Originally I was supposed to come back and never open this site again. Because people are right I genuinely don't care about it. Yes shocker someone who was banned for 5 years doesn't care about the site. Now I was under the impression my name has been almost lost to time. So when @Crabwhale got me unbanned I was skeptical of how ppl would react. I only stayed, because of the overwhelming love I got upon my return. I got so much love it started to
get annoying. That's a good thing yes. So I felt some need to idk be active.

I also felt some obligation to Promestein to keep myself in check and show I have improved. I'm sure @Arc7Kuroi and @RandomGuy2345 remember all the times I told them I'm trying not to roast people. The fact I have not is proof I have gotten better but part of me thought I respect prom that much to where I'm willing to not go that route.

I am still snarky, I am still egotistical, and in general I'm not a good person. Now the last time I wanted to quit the wiki I posted a thread roasting the entire site and turned around and got myself permabanned. I'm not doing that this time.

I don't even use the regular site of vsb. Only the forum. I was an infamous bleach wanker and now I don't even care about their statistics. Just goes to show the drive ain't there.

All I do is talk about the old days, the old everything basically. Yes my last post was me instigating drama and I apologize. I am not a good person. All I care about is attention attention attention. Drama drama drama.

Im bored man. I been here a long time. And I have also been gone from here a long time. Long enough to see your staff today go from blue names to admins and bureaucrats. I got better but I'm still a bad person. Anyway met some cool people out of this at least. Not gunna ask for me to be banned again, I'm merely gunna stop using the site.

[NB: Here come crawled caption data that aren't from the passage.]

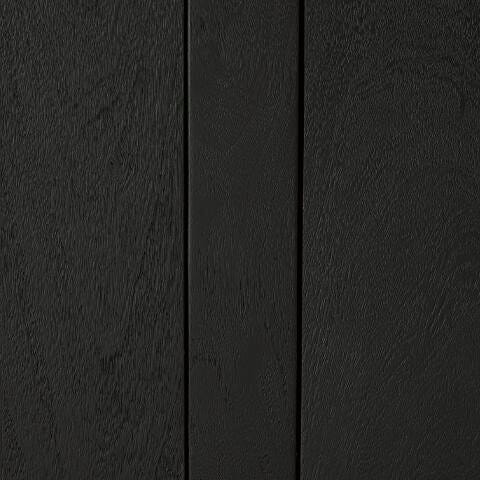 Cliffiings Accent Cabinet - CasaBella Furniture (San Antonio, TX)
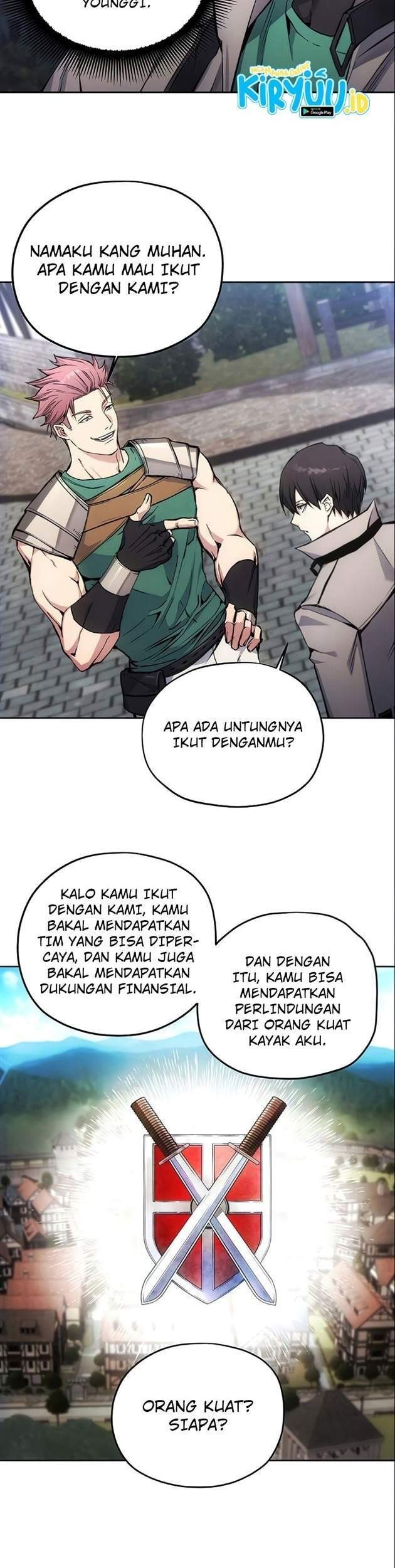Chapter 4 - halaman 42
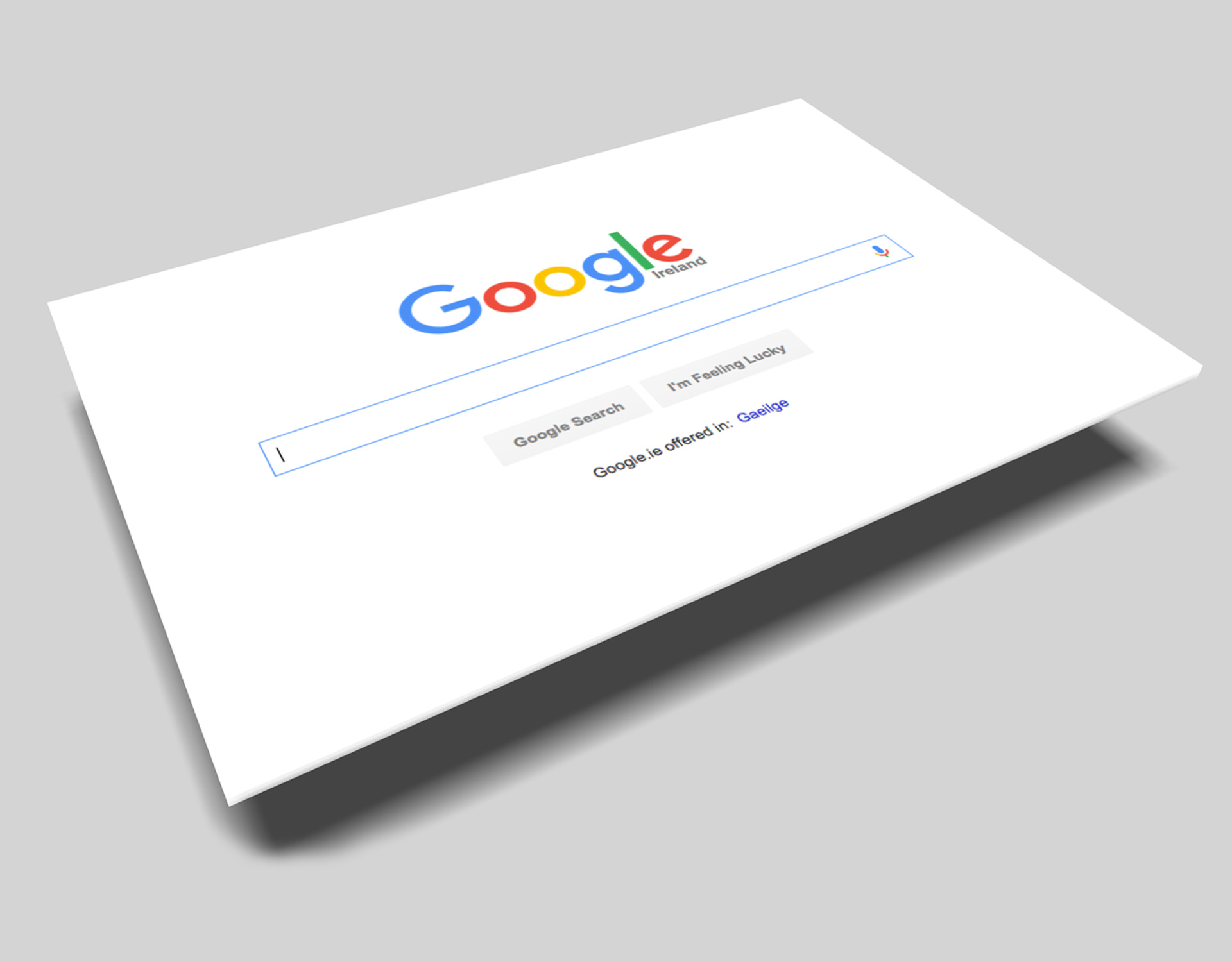 Google如何排序圖片搜尋結果? Google如何排序圖片搜尋結果?
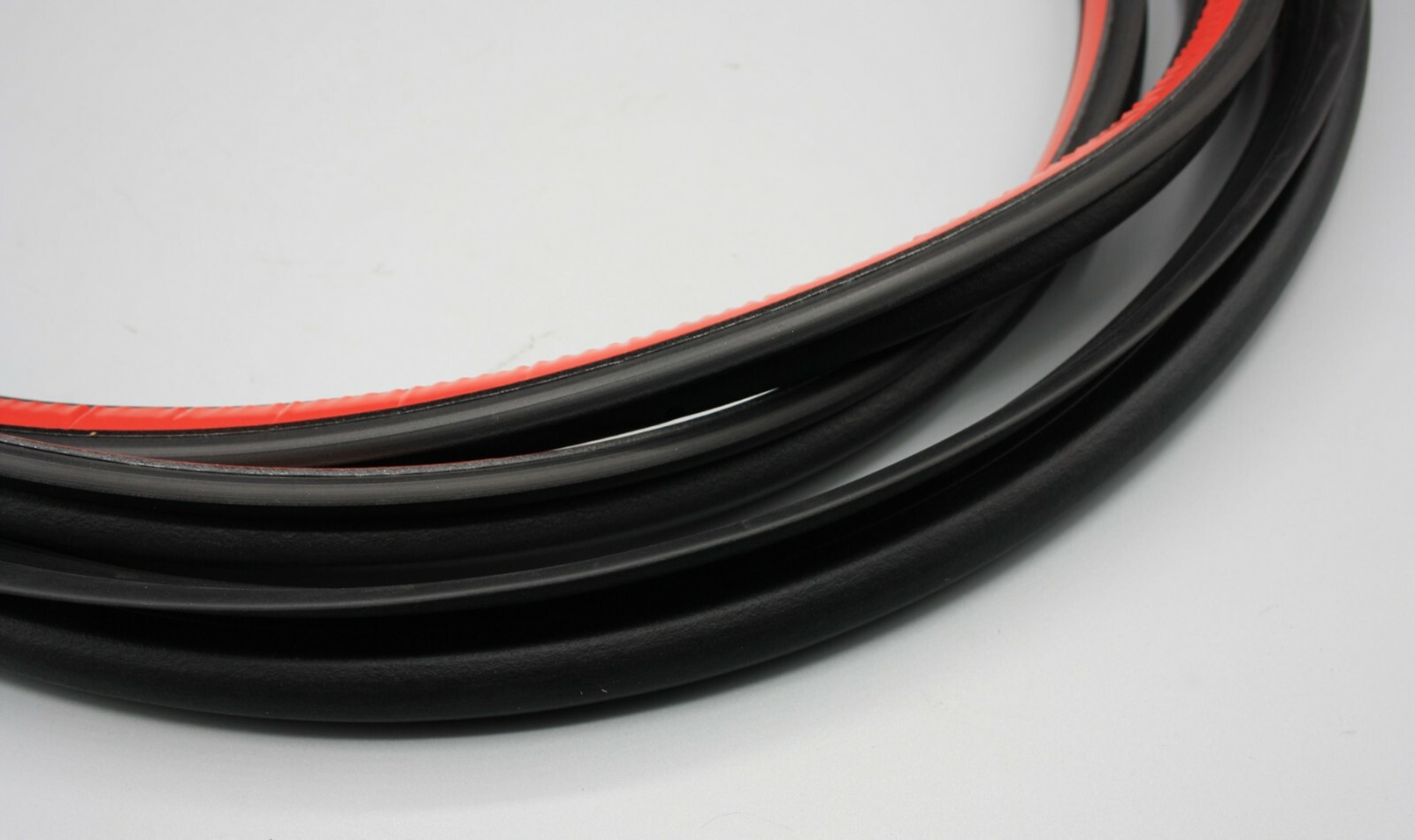 Mercedes-Benz A1697270330 online kaufen | eBay 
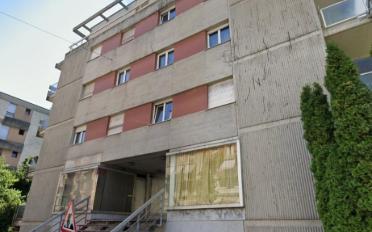 Büro - image - 1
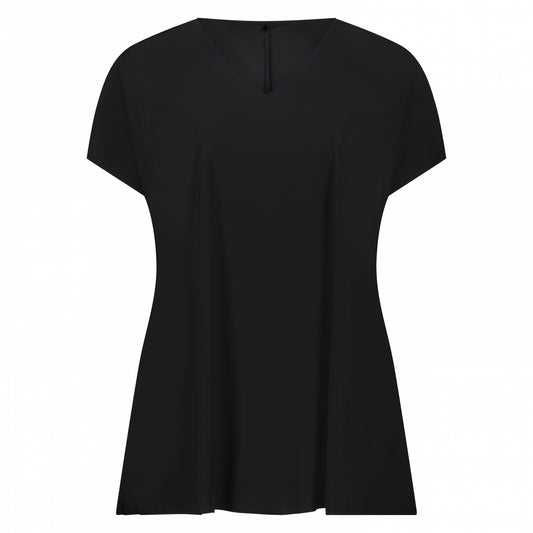 Top SS - Light | Black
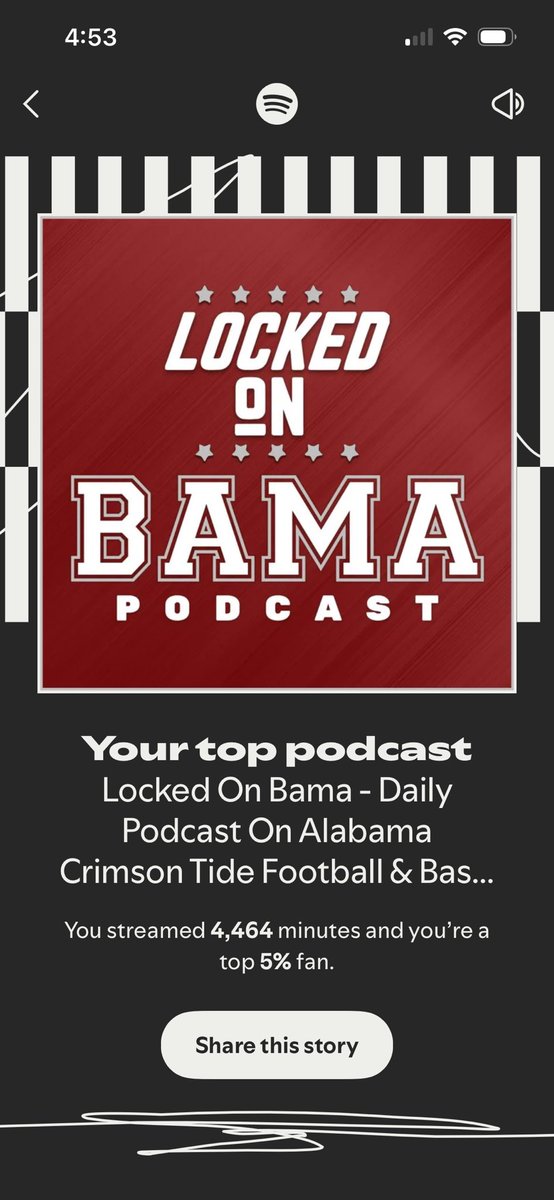 JoePTomlin's tweet photo. Thanks @lockedon_bama for another year of great information, fun, laughs, and a shared love and passion for the Crimson Tide!! @LSRobinson21 @qb_country https://t.co/LkKpfYjNqq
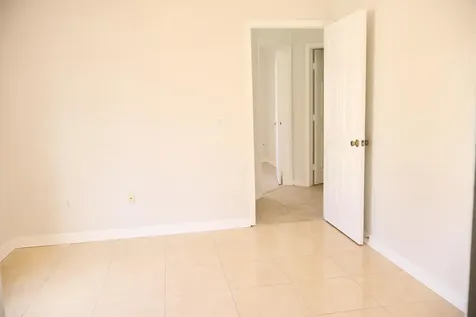 1485 SW Santiago Avenue Port St Lucie FL 34953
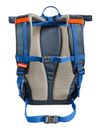 TATONKA Rolltop Pack JR 14 Navy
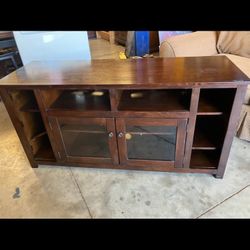 Tv Stand/Console Table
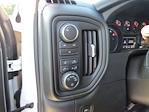 New 2025 Chevrolet Silverado 2500 Custom Crew Cab 4WD Pickup for sale #30000 - photo 22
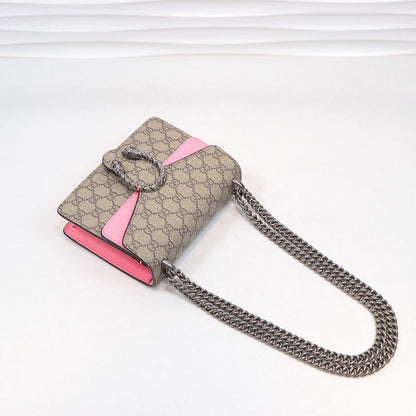 Anum Bags Bags - VBS Bags - 828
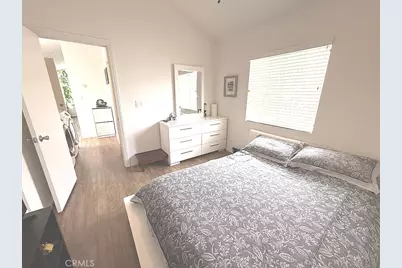 16949 S Western Avenue #83, Gardena, CA 90247 - Photo 10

The old ways are gone, the era of toxicity I'm ashamed to admit I prefer that. But the new age has got me introduced to some cool people. Much love to y'all. I never wanted to be here. I only wanted to see if the impossible was possible and it was. It was only the love that made me feel forced to stay. Anyway I'll still be contactable on discord and I'm on Azontr's server. Self proclaimed queen no more. Adios
 
Noooooo who’s gonna wank byakuya now. Well don’t feel too bad about yourself since admitting and owning up to your bad traits and wrongdoings is still a hell of a development in one’s character. Catch you around on discord then.
 
Here lies Raven. She died as she lived: seeking attention.
 
This is so sad, Despacito, play "Number 1 Bleach: Thousand Year Blood War arc Version".

For what its worth, your presence will be missed. People will grow out of things, no matter how much we love them, so leaving things behind amicably is the textbood definition of a "Good End".

I feel for the next quarter of your life (Be it different online communities) that you will haunt now though. God bless their soul.
 
Last time we talked on your wall you seemed to have faced tremendous issues with your actual life. It’s honestly necessary for all of us to leave the internet at some point. Farewell, Raven, best of luck for you~ ❤️🙏
 
Well, this the first time I've seen someone leave. The Bleach general discussion thread will be a lot more boring.